**Your assignment:**
Skip the images and copy each record exactly as written.

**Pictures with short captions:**
╭──

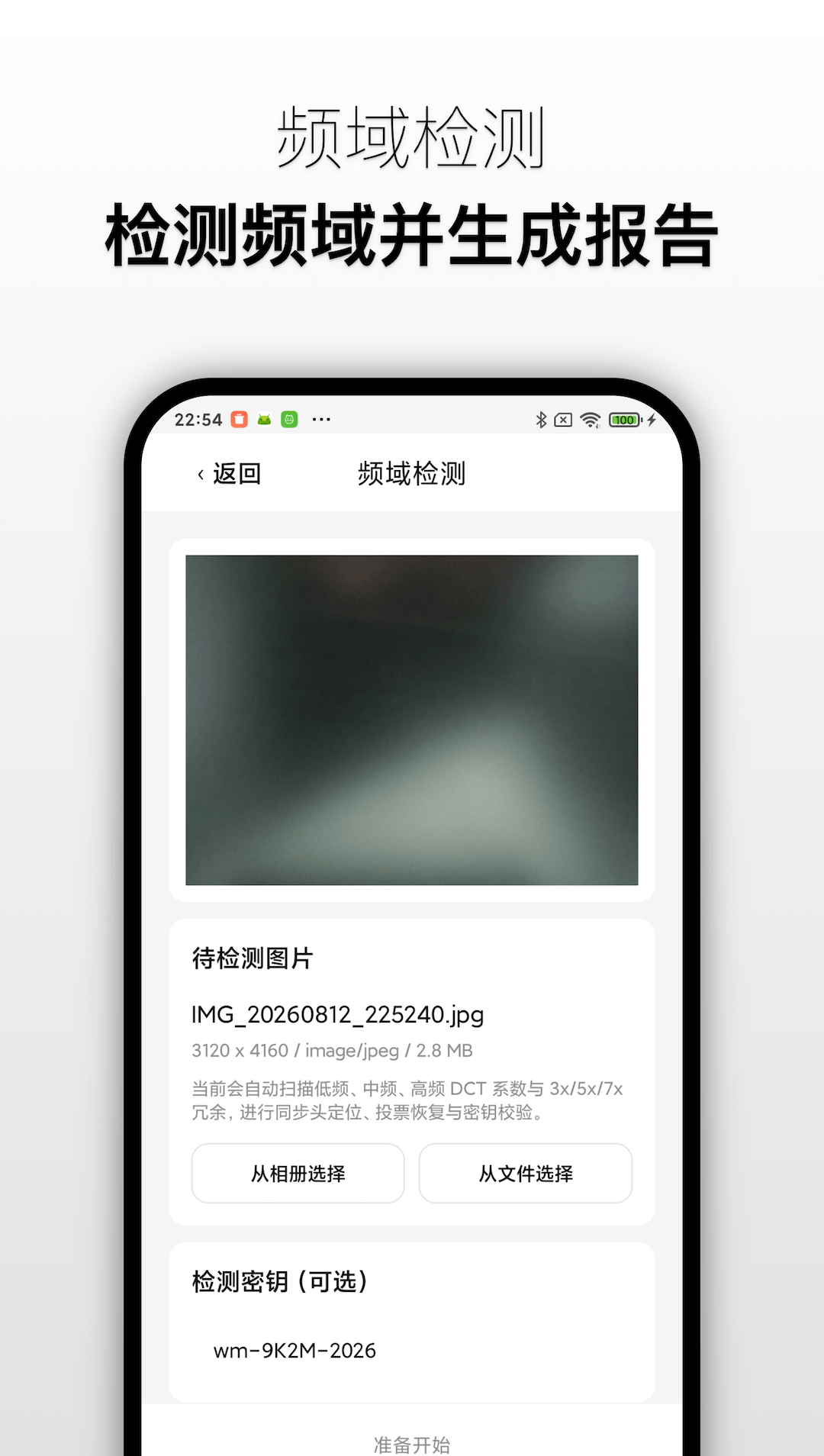 快捷水印 截图2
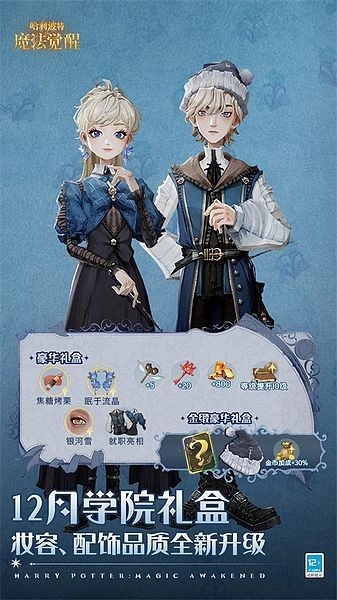 哈利波特：魔法觉醒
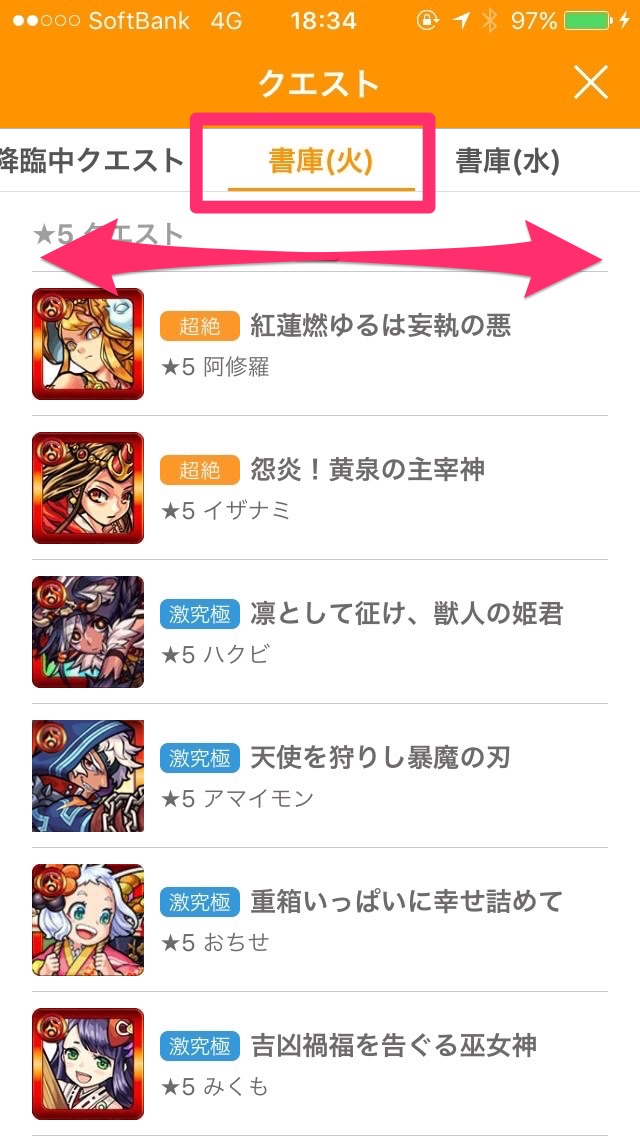 マルチ 参加5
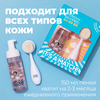 Набор подарочный женский PROFESSOR SKINGOOD It's a Match! Your Perfect Cleansing Set Идеальная пара для очищения кожи - фото undefined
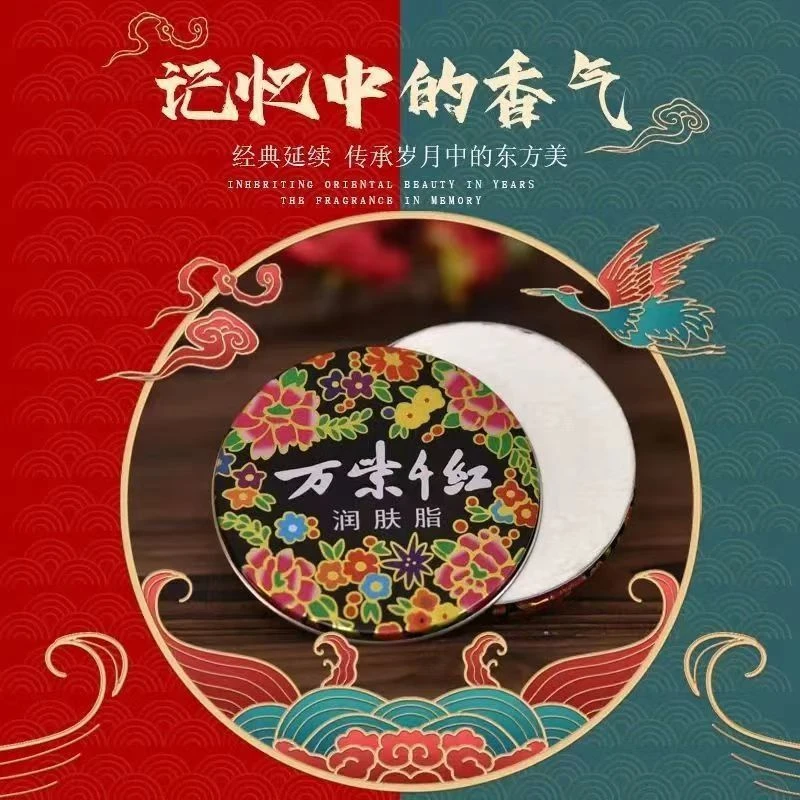 老牌国货万紫千红润肤脂白兰花擦脸油香脂膏面霜雪花膏保湿护手霜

╰──

**Final answer:**
 快捷水印 截图2
 哈利波特：魔法觉醒
 マルチ 参加5
 Набор подарочный женский PROFESSOR SKINGOOD It's a Match! Your Perfect Cleansing Set Идеальная пара для очищения кожи - фото undefined
 老牌国货万紫千红润肤脂白兰花擦脸油香脂膏面霜雪花膏保湿护手霜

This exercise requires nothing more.